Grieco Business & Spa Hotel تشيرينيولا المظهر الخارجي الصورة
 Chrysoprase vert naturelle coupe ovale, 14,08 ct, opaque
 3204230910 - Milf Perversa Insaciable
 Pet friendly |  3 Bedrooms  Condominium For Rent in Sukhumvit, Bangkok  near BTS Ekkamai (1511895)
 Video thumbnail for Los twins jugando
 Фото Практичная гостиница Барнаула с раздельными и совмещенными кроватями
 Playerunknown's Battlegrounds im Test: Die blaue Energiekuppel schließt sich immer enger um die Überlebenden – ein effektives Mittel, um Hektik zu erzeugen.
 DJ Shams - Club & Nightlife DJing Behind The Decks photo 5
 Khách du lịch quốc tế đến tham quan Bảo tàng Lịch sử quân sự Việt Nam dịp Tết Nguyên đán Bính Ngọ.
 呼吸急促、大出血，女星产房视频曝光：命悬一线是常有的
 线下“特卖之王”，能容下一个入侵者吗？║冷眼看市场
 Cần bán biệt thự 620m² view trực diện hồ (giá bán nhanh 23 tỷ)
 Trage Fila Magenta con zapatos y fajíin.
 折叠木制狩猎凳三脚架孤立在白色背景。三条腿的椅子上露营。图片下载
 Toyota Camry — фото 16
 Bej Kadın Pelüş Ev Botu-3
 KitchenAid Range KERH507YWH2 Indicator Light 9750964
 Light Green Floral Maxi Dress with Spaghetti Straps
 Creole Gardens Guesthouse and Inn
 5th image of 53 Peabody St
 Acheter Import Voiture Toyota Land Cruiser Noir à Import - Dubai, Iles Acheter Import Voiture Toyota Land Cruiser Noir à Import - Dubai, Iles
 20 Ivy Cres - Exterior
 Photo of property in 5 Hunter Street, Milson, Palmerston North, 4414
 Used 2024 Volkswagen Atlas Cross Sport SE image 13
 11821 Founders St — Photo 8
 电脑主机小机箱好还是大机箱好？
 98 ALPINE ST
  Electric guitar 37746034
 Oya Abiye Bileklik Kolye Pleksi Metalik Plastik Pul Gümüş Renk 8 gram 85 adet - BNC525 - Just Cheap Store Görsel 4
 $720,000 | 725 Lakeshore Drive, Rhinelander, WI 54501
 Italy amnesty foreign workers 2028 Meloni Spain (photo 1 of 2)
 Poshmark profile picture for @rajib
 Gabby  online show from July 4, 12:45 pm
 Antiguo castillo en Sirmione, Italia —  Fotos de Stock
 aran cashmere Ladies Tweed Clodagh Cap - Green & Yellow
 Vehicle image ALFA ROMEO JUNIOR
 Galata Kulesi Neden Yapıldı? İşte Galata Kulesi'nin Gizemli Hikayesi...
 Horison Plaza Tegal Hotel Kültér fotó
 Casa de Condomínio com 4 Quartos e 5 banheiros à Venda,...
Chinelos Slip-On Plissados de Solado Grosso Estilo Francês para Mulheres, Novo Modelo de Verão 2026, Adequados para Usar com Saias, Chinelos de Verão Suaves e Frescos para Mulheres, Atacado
━━━
--- EXERCISE DIRECTIONS ---
What is the number of lines in the records that contain the word "image"? Answer with the number and nothing else.

--- EXERCISE RESPONSE ---
3